DIGITAL ASSETS ON THE MOVE
NEM Foundation Nearly Broke
NEM (XEM) is a relatively unknown cryptocurrency in the West, as its community is more concentrated in Asia. Among the features of the network, the most distinctive is their Proof-of-Importance (PoI) algorithm, which differs from PoS in that it takes the number and size of transactions made by a block producer into account, instead of only the size of their stake. It also features asset issuance, but this is possible on many different public blockchains, including Bitcoin.
On Jan 31, the NEM Foundation posted a message to the community explaining that “Crypto Winter” might lay the foundation for a financially unsustainable situation as early as next month due to unreasonable management by the previous governance council. The Foundation was established by the NEM community in order to promote the NEM blockchain and is now requesting the community to fund them with 160M XEM coins (~$7.5M) in order to continue operating and avoid planned layoffs across their 150 employees. According to Alex Tinsman, the newly elected president of the Foundation, expenditures during Dec 2017 and Jan 2019 were 80M XEM ($24.5M; average XEM price), most of which was spent on marketing.
The XEM price has generally been very similar to the general crypto cycle movement of 2017/2018 and is still correcting from the new highs achieved during the cycle. After the community message, XEM decreased by 13% against bitcoin. NEM was one of the most dominant cryptocurrencies by network value (ranked the 6th largest) until just before the crypto crash in the second half of January 2018.
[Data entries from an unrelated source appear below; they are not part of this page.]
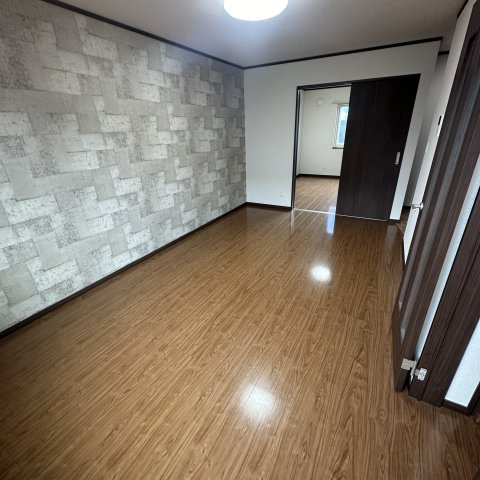 ラフィーネ東町３の内装|明るい室内です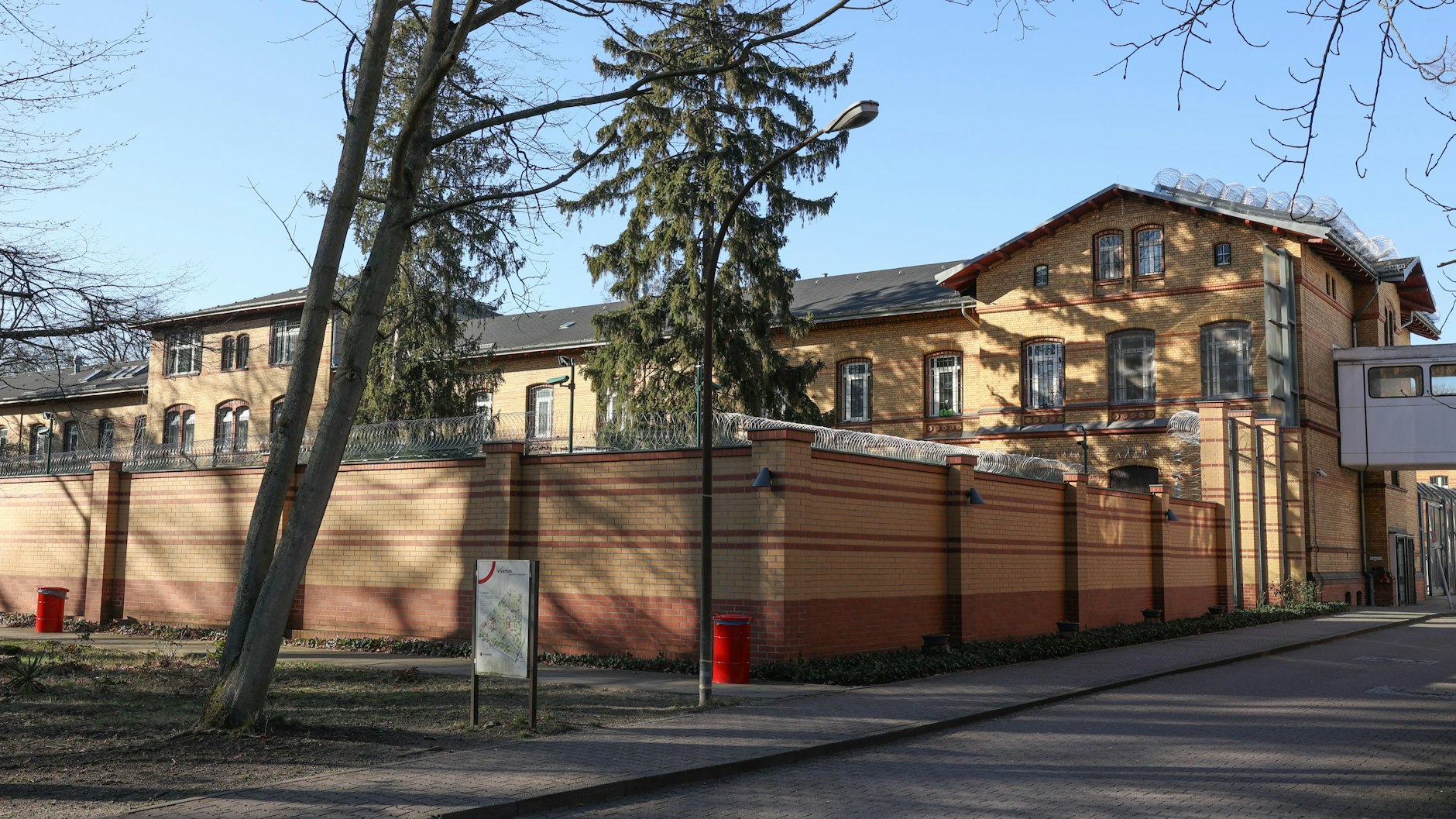 Aus dem Maßregelvollzug für als psychiatrisch auffällig oder suchtkrank eingestufte Straftäter sind zwei gefährliche Männer ausgebrochen.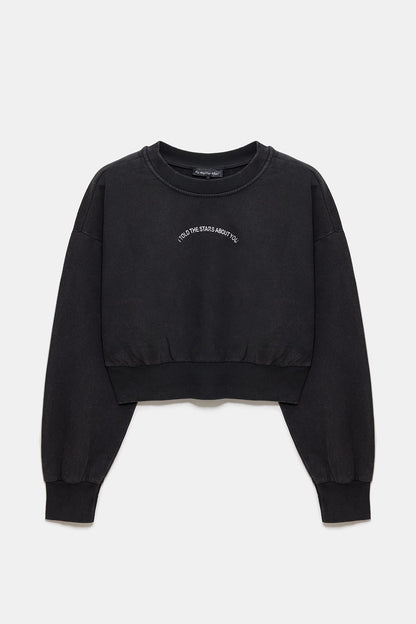 Sweatshirt mit Steinverzierungen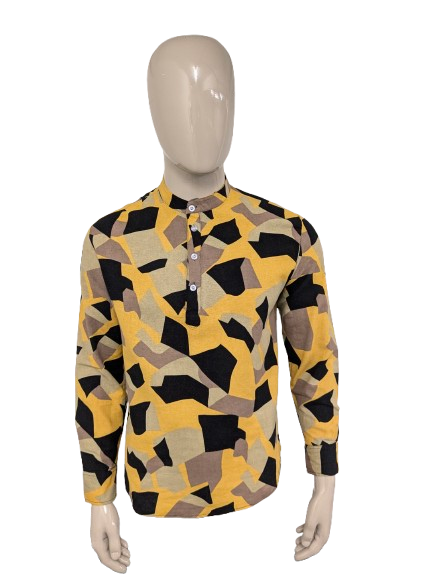 Camisa sin marca con cuello agricultor / mao / boeren. Estampado negro marrón amarillo. Tamaño L.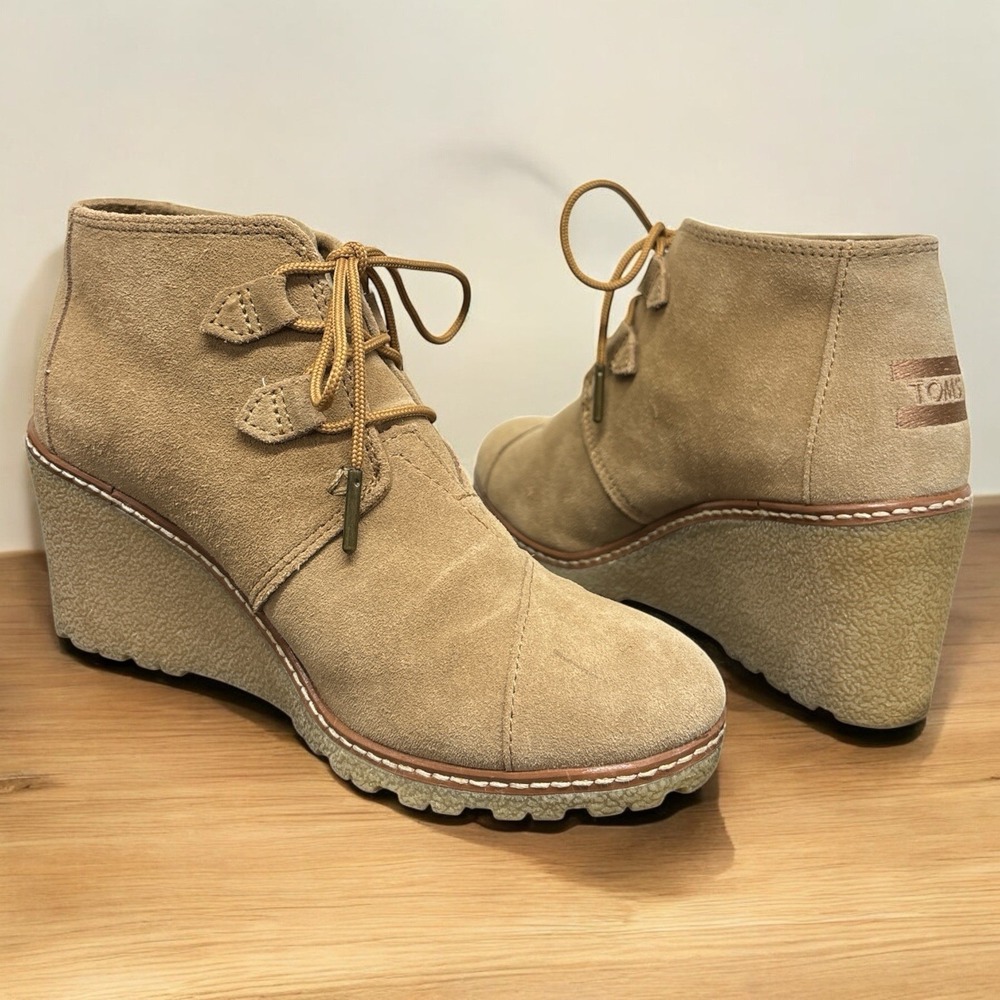 Toms Womens Boot Size 7 Tan Beige Suede Wedge Heel Lace Up Desert Bootie Shoes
The NEM Foundation’s irrational marketing spending is something very common in the crypto space: many projects focus extensively on achieving awareness and recognition via marketing efforts, airdrops, and being present at way too many conferences instead of directing the majority of their spending on developing the product. NEO and Tron are definitely the first two projects that come to mind as operating in a similar fashion, while XRP is probably the king of public opinion manipulation and creating an illusion of value through a constant stream of partnerships, conferences, and similar social sentiment defining factors directed toward an ignorant public looking for the next 1000x asset. What is common to all of these projects is that their organizations, founders, and team members hold a large percentage of the asset’s emission, meaning they have a direct incentive to inflate the price as well as their project runway. They tend to maximize the illusion of value instead of creating value.